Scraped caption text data

================================

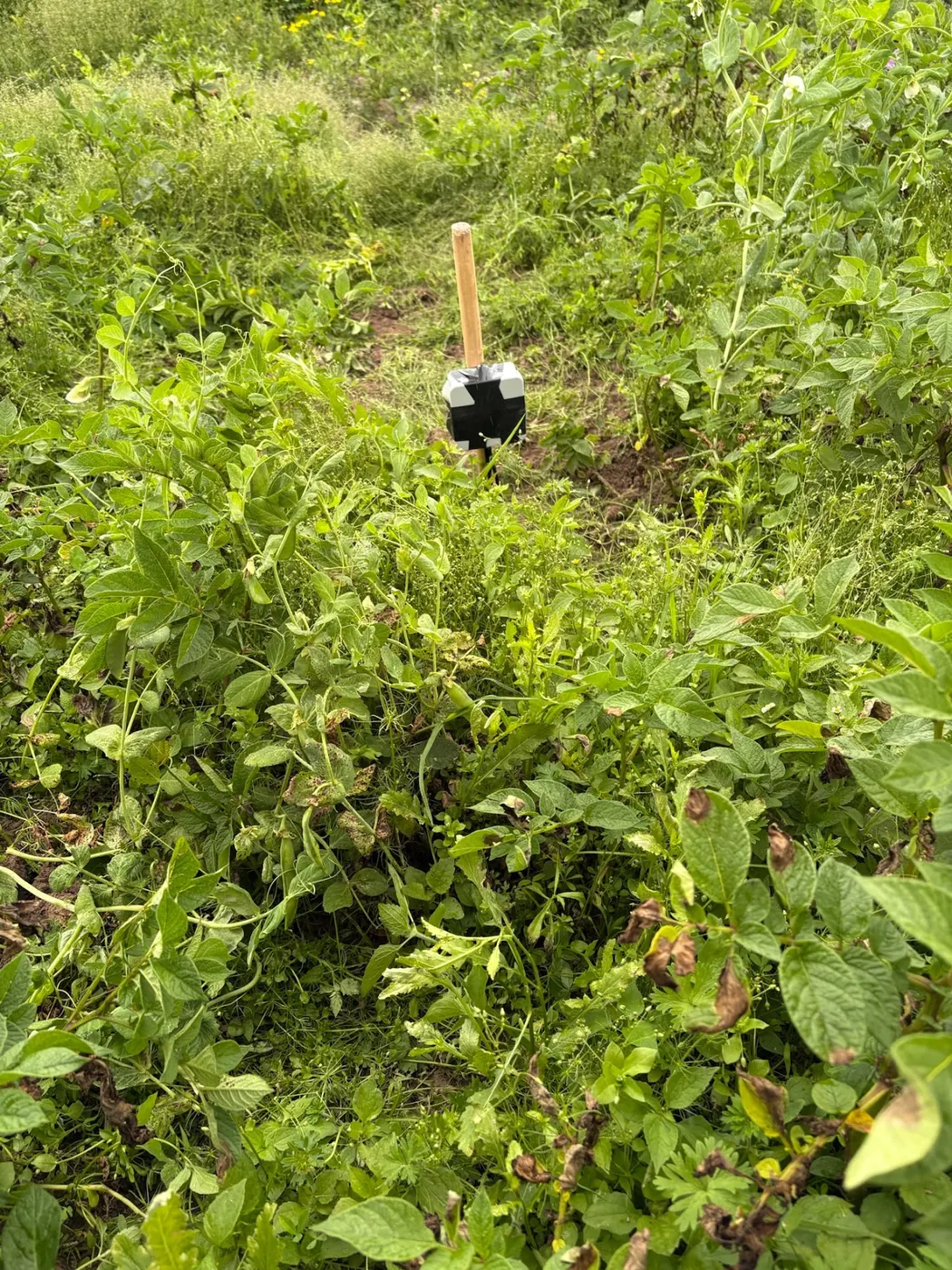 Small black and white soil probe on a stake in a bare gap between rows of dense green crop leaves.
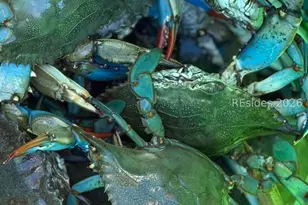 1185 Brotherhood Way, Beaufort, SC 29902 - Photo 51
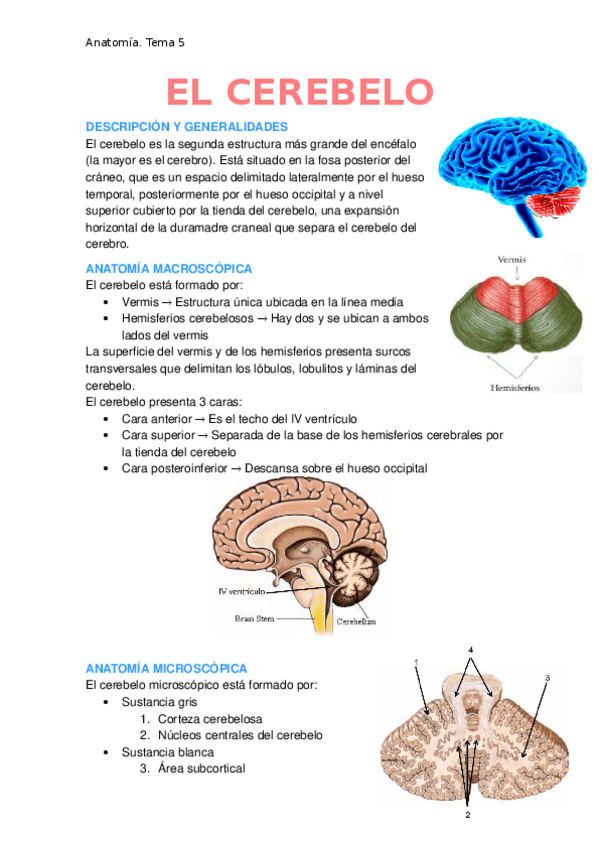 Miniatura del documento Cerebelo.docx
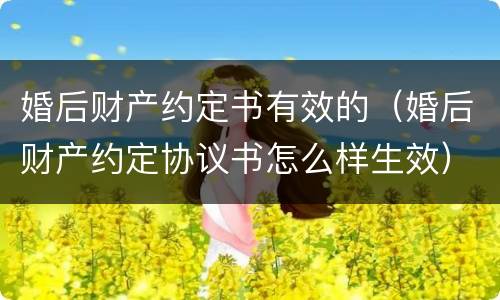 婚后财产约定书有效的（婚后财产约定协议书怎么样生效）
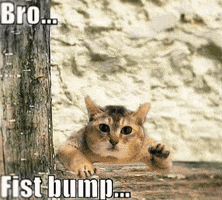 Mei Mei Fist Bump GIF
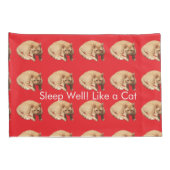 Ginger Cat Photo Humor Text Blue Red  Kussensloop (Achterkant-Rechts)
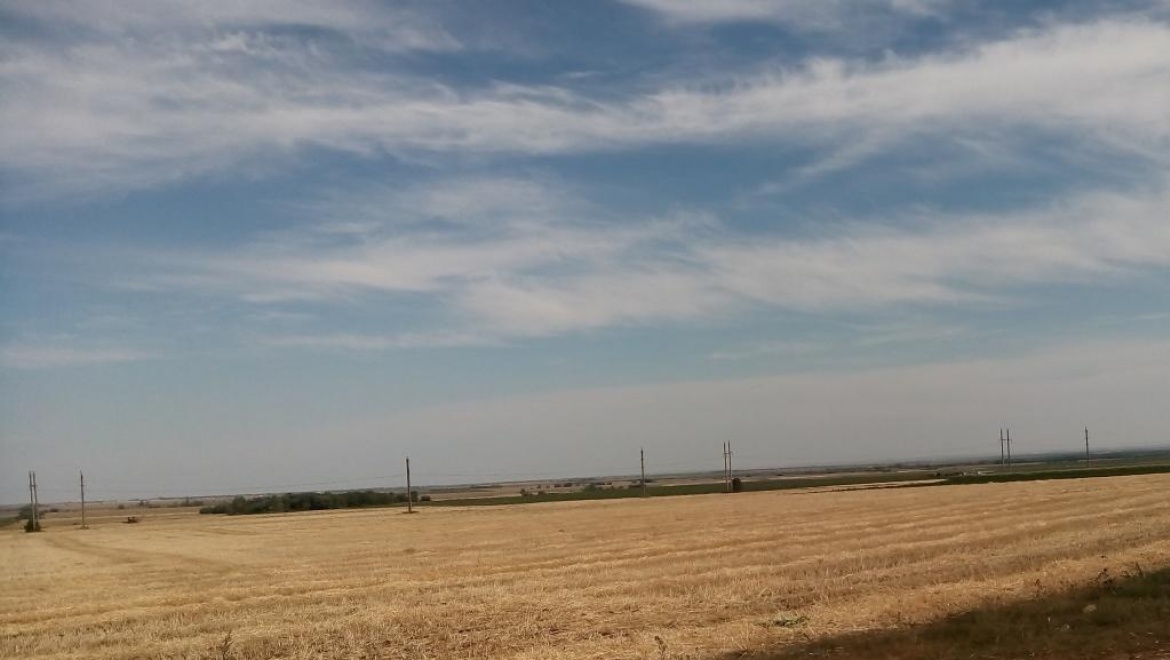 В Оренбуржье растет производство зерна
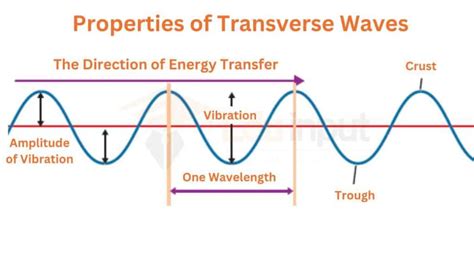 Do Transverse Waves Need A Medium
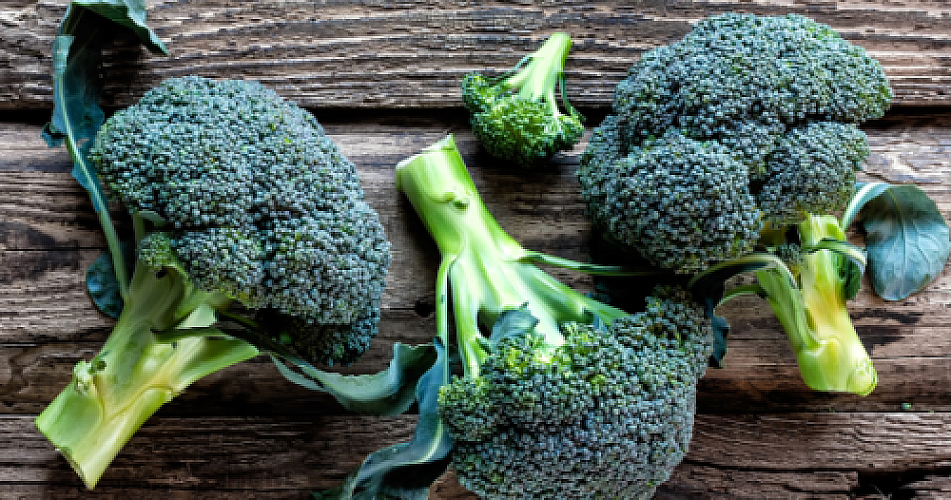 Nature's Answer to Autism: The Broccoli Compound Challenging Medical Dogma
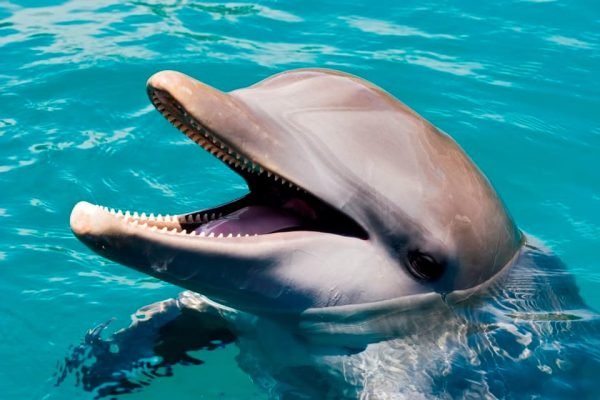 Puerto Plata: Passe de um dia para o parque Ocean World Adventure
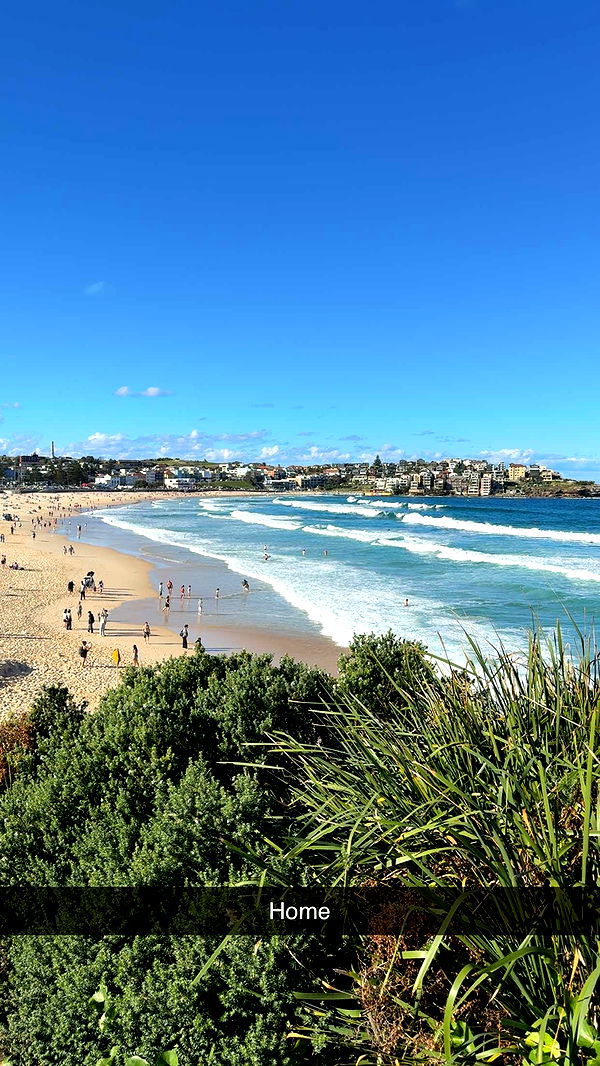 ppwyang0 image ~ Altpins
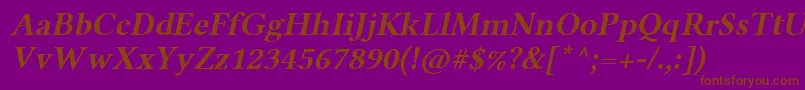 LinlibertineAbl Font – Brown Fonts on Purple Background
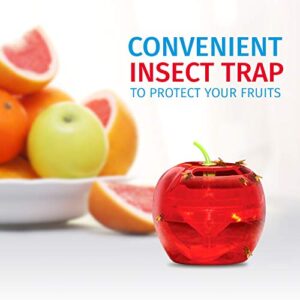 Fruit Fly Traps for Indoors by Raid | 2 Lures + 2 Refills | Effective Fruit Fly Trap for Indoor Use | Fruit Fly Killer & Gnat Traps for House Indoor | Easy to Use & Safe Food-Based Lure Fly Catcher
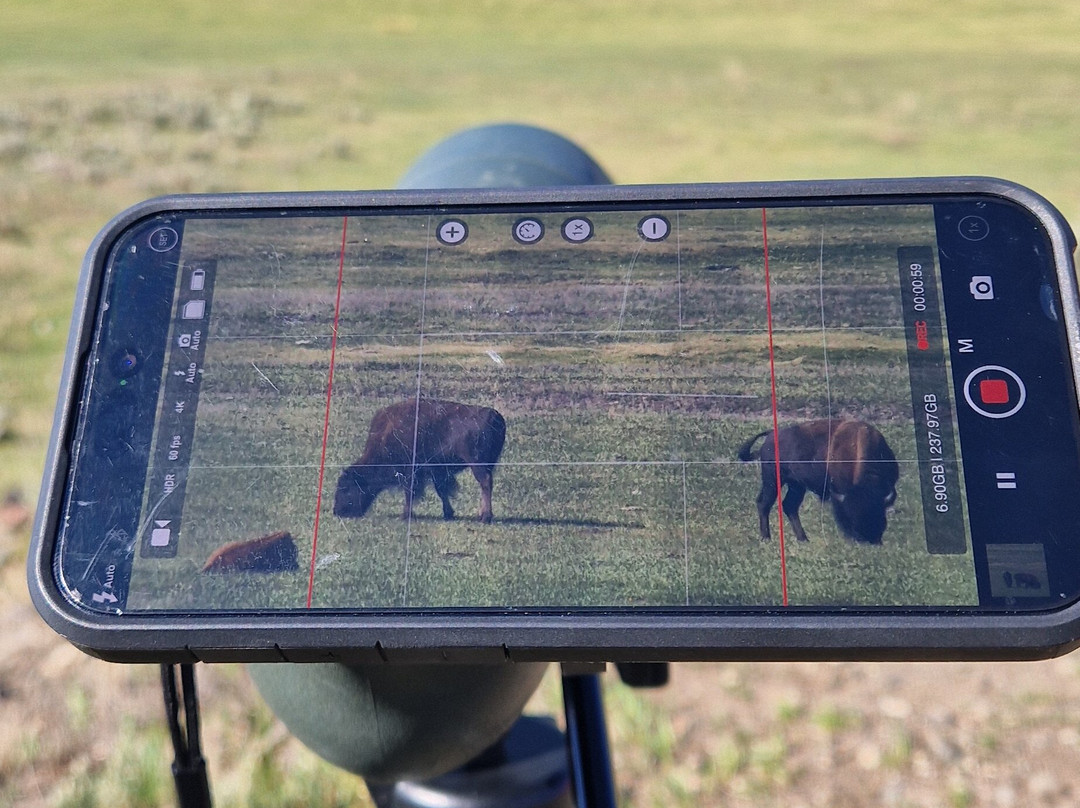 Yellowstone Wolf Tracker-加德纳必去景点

================================

THE TASK ::
Copy every record above exactly, leaving out any pictures.

SOLUTION ::
 Small black and white soil probe on a stake in a bare gap between rows of dense green crop leaves.
 1185 Brotherhood Way, Beaufort, SC 29902 - Photo 51
 Miniatura del documento Cerebelo.docx
 婚后财产约定书有效的（婚后财产约定协议书怎么样生效）
 Mei Mei Fist Bump GIF
 Ginger Cat Photo Humor Text Blue Red  Kussensloop (Achterkant-Rechts)
 В Оренбуржье растет производство зерна
 Do Transverse Waves Need A Medium
 Nature's Answer to Autism: The Broccoli Compound Challenging Medical Dogma
 Puerto Plata: Passe de um dia para o parque Ocean World Adventure
 ppwyang0 image ~ Altpins
 LinlibertineAbl Font – Brown Fonts on Purple Background
 Fruit Fly Traps for Indoors by Raid | 2 Lures + 2 Refills | Effective Fruit Fly Trap for Indoor Use | Fruit Fly Killer & Gnat Traps for House Indoor | Easy to Use & Safe Food-Based Lure Fly Catcher
 Yellowstone Wolf Tracker-加德纳必去景点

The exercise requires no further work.